Стояла жара, все дни над красным от солнца перелеском не было ни облачка, закаты пенились багровые и густые, в посёлке пахло угольным шлаком, которым зимой посыпали дороги, а дощатые желоба рассохлись, и осы свили в них гудящие гнёзда. Вот и пожилой майор Коробейников походил на грустное растение, корешки которого спеклись в сухой земле, и его выдернули из почвы, пустили катом по белу свету, чтобы шугало крапиву и репей. И когда бы растение ни возвращалось со службы в родную коробушку, полнёхонькую таких же грустных и плотных, уже семейных коробчат во главе с маленькой добрейшей Коробчихой, – всё это перекати-поле не могло угомониться, о чём-то кручинилось и куда-то стремилось, хотя огромная, глаже, чем у Сани, лысина кисло потела и походила на лесосеку, на которой только по склону уцелели редкие деревья и картавый кустарник. Но дело своё Коробейников знал, блестел замок его пошарканной в уголках, словно объеденной мышами планшетки, подбирал коренастую широкую тушу сальный ремень, тяжёлый пистолет на короткой сильной ляжке бдительно оттягивал кобуру.
– Ильин день, а дождя нету! Хоть бы брызнул под вечер, а то третью неделю поливаю картошку из мотопомпы… – Зажав планшетку под мышкой, Коробейников по-свойски загремел в ведре с водой железной кружкой.
– Это с крана, – предупредил Саня, а Коробейников что-то прожурчал в ответ и стал пить.
Вода, дымчатая от извести, шипучей воронкой утекала Коробейникову в рот, частью выливаясь обратно и капая на пол, где твёрдо встали ноги участкового, и только в небольшой ямочке на подбородке, зацепившись на щетинку, слезилась одна капелька. Отпив, Коробейников плеснул из кружки на лысину, затем в лицо, смёл рукавом и посмотрел оживлённо, надраенно.

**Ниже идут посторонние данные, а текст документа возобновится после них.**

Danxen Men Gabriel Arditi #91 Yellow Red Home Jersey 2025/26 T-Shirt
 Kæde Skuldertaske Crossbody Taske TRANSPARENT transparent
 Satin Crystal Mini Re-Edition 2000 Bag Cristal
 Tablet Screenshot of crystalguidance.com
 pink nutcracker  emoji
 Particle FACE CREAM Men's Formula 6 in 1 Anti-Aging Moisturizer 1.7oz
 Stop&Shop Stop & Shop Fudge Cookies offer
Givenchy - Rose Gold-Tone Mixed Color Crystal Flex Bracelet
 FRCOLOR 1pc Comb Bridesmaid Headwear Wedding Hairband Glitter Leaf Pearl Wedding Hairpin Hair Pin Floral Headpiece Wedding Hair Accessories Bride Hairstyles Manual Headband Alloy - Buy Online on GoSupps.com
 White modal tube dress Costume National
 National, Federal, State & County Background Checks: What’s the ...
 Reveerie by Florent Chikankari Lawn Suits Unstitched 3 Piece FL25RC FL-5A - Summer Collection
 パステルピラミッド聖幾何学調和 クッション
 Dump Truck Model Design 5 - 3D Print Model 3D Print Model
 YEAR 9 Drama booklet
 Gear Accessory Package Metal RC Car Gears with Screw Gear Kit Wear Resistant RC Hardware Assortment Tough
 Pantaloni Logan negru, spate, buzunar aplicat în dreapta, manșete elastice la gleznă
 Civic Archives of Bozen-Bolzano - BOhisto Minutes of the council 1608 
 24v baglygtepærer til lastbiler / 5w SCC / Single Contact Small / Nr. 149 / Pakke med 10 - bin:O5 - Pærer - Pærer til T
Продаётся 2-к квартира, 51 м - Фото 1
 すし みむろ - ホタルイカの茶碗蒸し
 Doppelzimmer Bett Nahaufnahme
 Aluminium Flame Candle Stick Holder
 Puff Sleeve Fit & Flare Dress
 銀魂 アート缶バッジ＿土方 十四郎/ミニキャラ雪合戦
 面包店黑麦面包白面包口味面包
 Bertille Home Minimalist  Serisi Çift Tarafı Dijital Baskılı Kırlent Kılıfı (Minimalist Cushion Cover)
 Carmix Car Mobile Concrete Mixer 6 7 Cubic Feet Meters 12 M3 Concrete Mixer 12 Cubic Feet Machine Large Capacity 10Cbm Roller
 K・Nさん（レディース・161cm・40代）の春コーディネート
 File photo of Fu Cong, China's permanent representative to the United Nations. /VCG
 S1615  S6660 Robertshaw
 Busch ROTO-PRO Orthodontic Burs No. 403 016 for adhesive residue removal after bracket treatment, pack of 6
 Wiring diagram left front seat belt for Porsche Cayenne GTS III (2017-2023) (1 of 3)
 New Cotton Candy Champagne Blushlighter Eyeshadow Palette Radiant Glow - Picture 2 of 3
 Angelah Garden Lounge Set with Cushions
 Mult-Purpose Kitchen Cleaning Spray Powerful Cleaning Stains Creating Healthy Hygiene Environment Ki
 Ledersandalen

– Ох, х-х-хорошо-о!.. – крякнул крепко, ядрёно, как будто махнул рюмку спирта и рванул зубами хрусткий солёный огурец.
Он словно чего-то ждал, однако Саня не понимал.
– Недавно ездил в город к отцу Иннокентию, поставил свечку за матушку… – прохаживаясь взад-вперёд, издалека начал Коробейников. – Ей же шестнадцатого – тридцать лет со дня смерти… Знаешь, как я свою старушку хоронил?